Unemployment, especially among young adults ages 18 to 24, coupled with the sluggish economic recovery following the longest recession since World War II, contributed to the rise in poverty.
“The report shows more and more people dropping out of the middle class to a place where they are now scrambling every day,” said Melville Miller, president of Legal Services of New Jersey.
The median household income fell for the second straight year — from $69,571 in 2009 to $67,681 in 2010. As a result, one-eighth of New Jersey households, about 380,000 altogether, had difficulty providing enough food for family members at some time between 2008 and 2010, the report found.
Surprisingly, the poverty rate in Camden, the poorest city in the state, improved, falling from 40.5 percent to 36.4 percent.

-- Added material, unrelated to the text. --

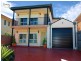 24 Rhine Drive, Roxburgh Park VIC 3064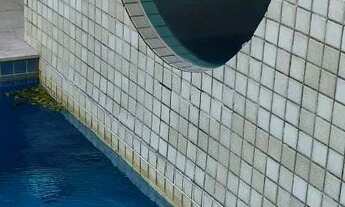 Imagem 5: ALUGO AP 4/4 (4 suítes) ALTO PADRÃO MOB COND LITORÂNEA BEACH RESIDENCE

Upticks, however, in nearby Cherry Hill and Mount Laurel suggest that Camden’s poor may have simply moved to those towns without escaping the grip of poverty.
Meanwhile, the percentage of Pennsylvanians living in poverty jumped from 11.6 in 2007 to 13.4 percent in 2010, according to the Pennsylvania Budget and Policy Center.
These increases in poverty cannot continue to be ignored by policymakers who in their zeal to cut government spending forget that there are consequences to depending on overwhelmed charities to fill the breach.